ヒューマンエラーが災害の大きな原因だった場合、調査の重要な目的は、事業者が以下の二つの面で効果的措置をとれるようにすることだということを想起すべきである。
- 誰であれ、そうしたヒューマンエラーがそれ以降に発生する可能性を減らすこと。
- 誰かが次に同じ、または似たエラーを起こしても実際に災害が起こらないようにすること。
過去に各種の危険なヒューマンエラーを起こしたのでないかぎり、当人を懲罰することは効果のない安全管理対策であり、事業者にとって逆効果になりかねないということを、もっと多くの組織責任者が知るべきである。
労働審判所での逆効果の例を想像してみよう。エラーを犯した労働者が、そうしたエラーはこの工場では日常的にあり、これを理由に解雇されたのは自分だけだと主張したとする。解雇の根拠になった報告書自体に、おそらく、そうしたエラーがたびたびあると記載されており、さらにはエラーを減らし、その影響を最小にするための勧告まで記されているだろう。そうしたエラーが一因となった過去の災害まで引用されているかもしれない。労働審判所は、事業者にきわめて厳しい姿勢に傾くだろう。
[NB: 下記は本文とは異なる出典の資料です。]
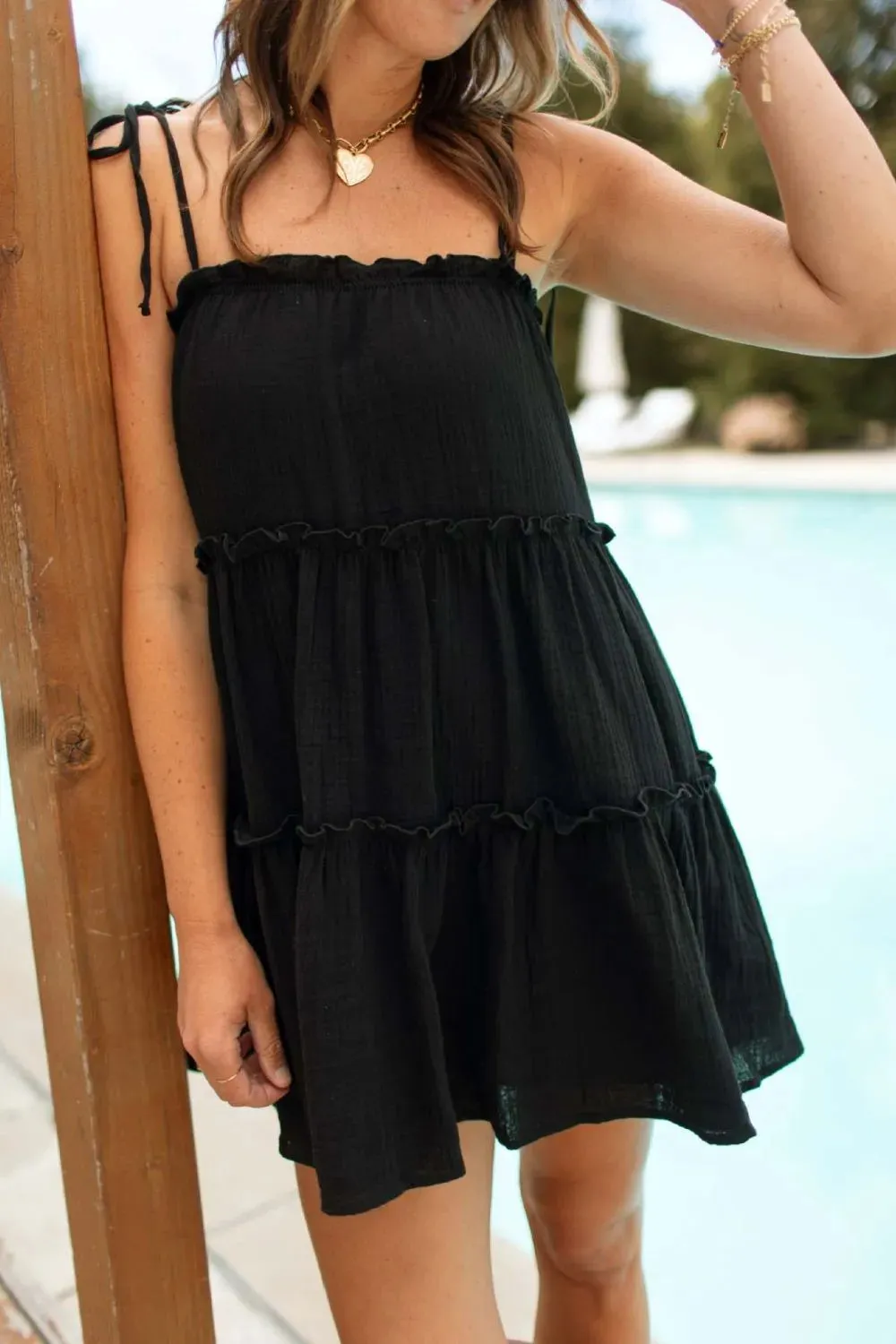 Frill Square Neck Mini Cami Dress sold by Gigi Laurent product image thumbnail 5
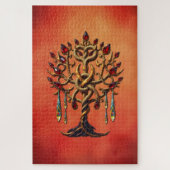 Goldener Baum des Lebens mit roten Edelsteinen Puzzle (Vertikal)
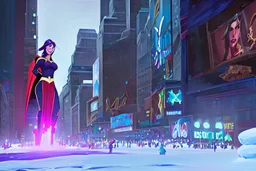 Supergirl building a giant snowman in Times Square.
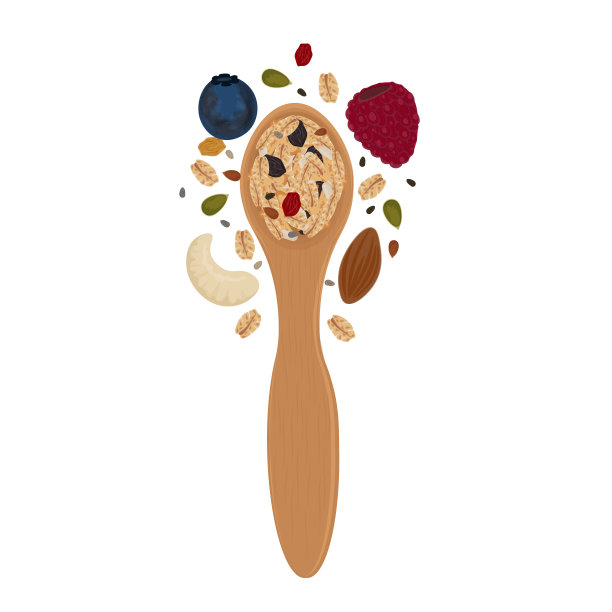 木勺上的什锦麦片图片下载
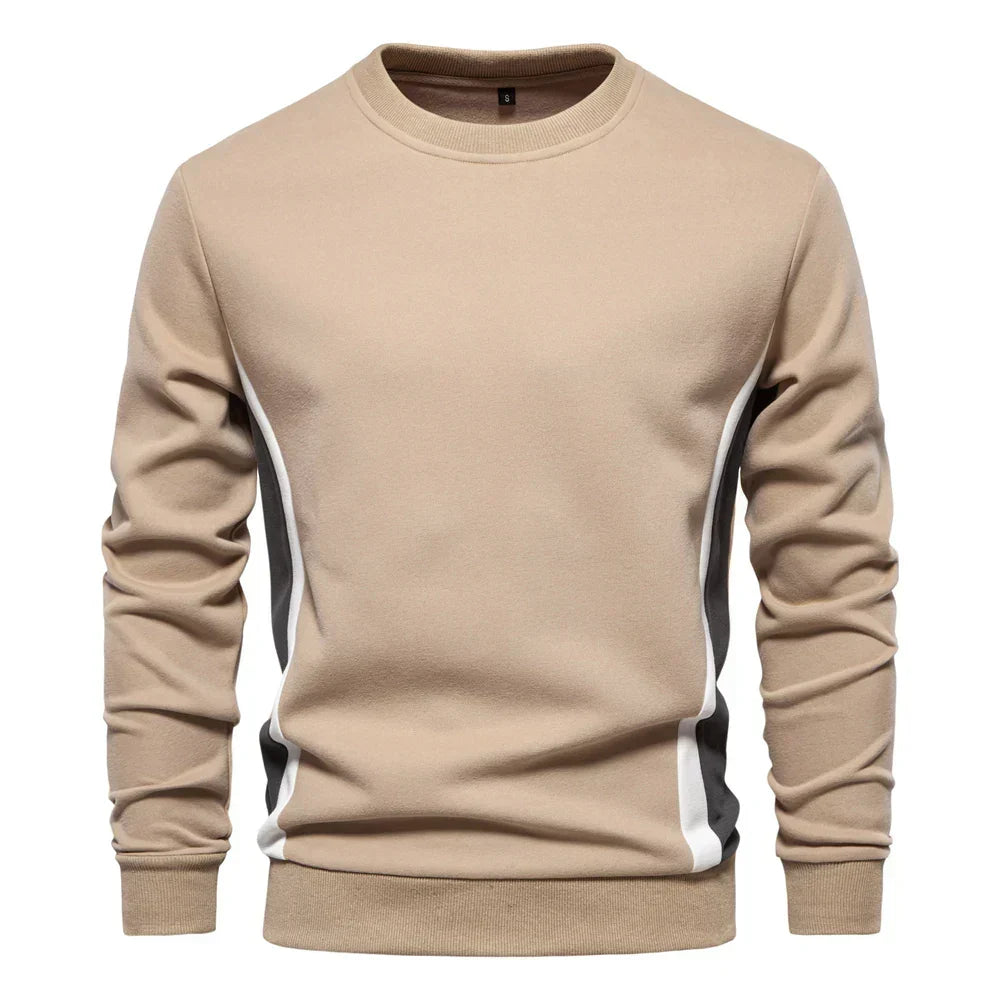 Pull col rond bandes latérales contrastées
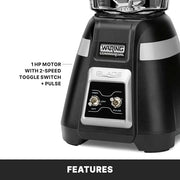 Waring Toggle Switch | Copolyester Jar / 48 Ounces / Black Countertop Blenders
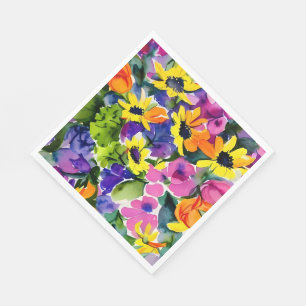 Colourful Watercolor Floral Art Napkin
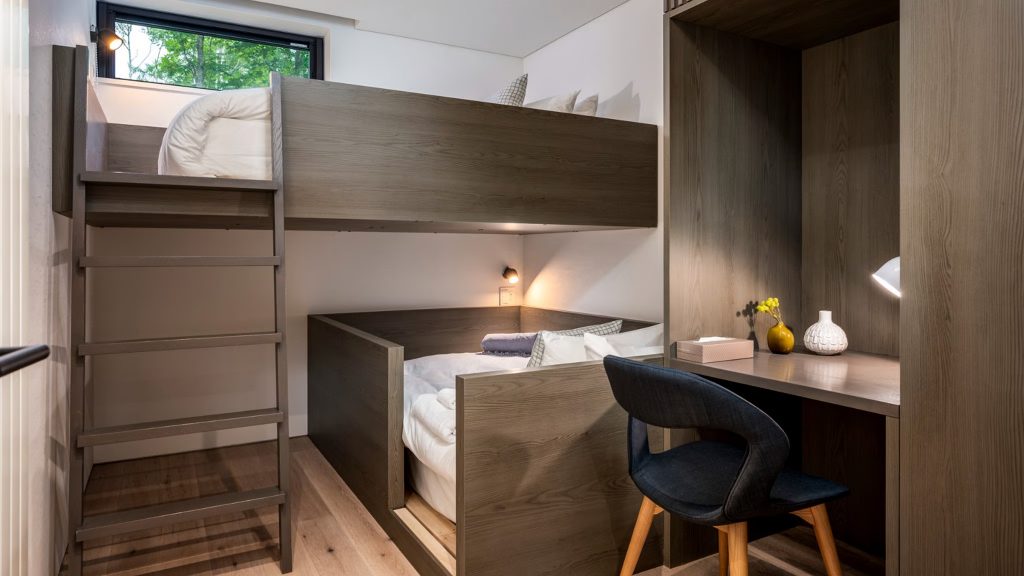 Bunk bed in Chalet Ryoun perfect for traveling with kids on family ski trip to Japan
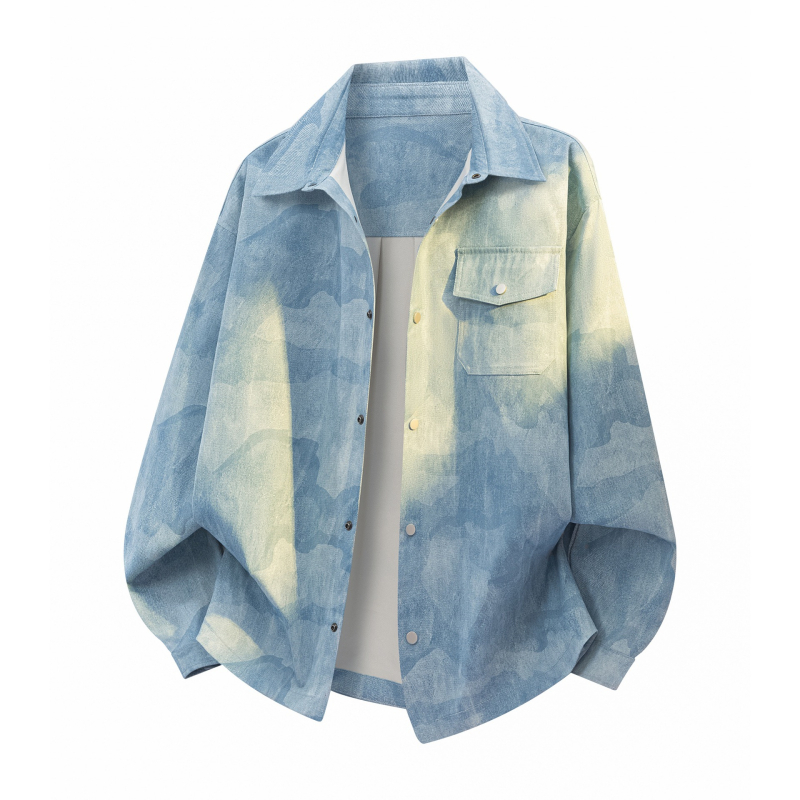 Tavaszi oversized tie-dye ing férfiaknak, hosszú ujjú, prémium mindennapi felső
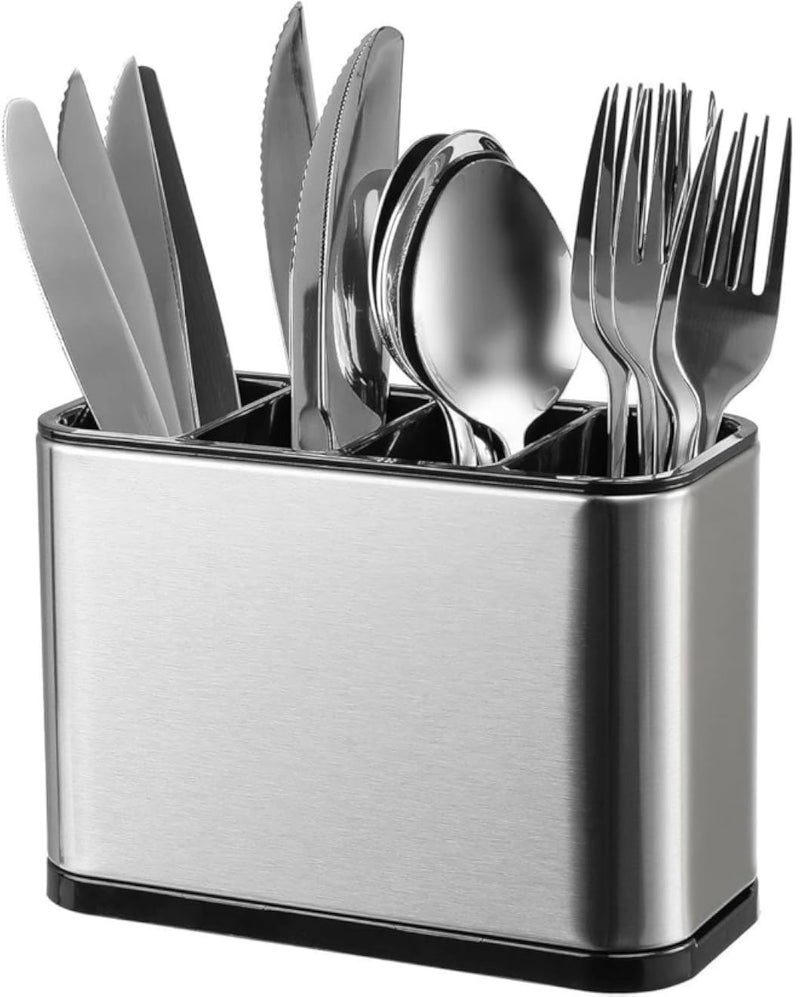 Stainless Steel Kitchen Utensil Holder Drainer Cooking Utensil Holder Cutlery Holder Flatware Holder Sinkware Caddy Countertop Organizer Modern Rectangular Design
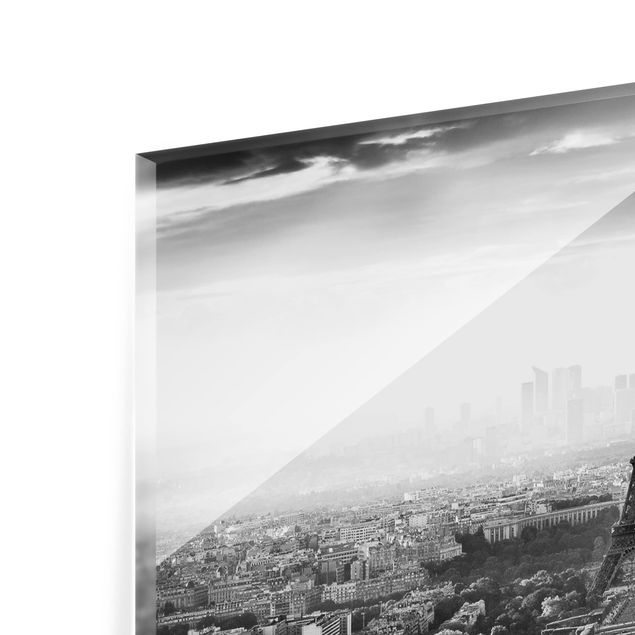 Spritzschutz Glas - Der Eiffelturm von Oben Schwarz-weiß - Querformat - 2:1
また刑事裁判所での逆効果の例を想像してみよう。エラーを犯した労働者の証言で、過去何年か、簡単にエラーが発生して潜在的危険性が生じることについて、事業者に多くの苦情が寄せられていたことが明らかになったとする。エラー発生の可能性と、その危険な影響を最小限にするために、事業者が対策を行ったことを証明できなかった場合、裁判所はどういう態度をとるだろうか。ご想像のとおり。裁判所は事業者を厳しく罰するだろう。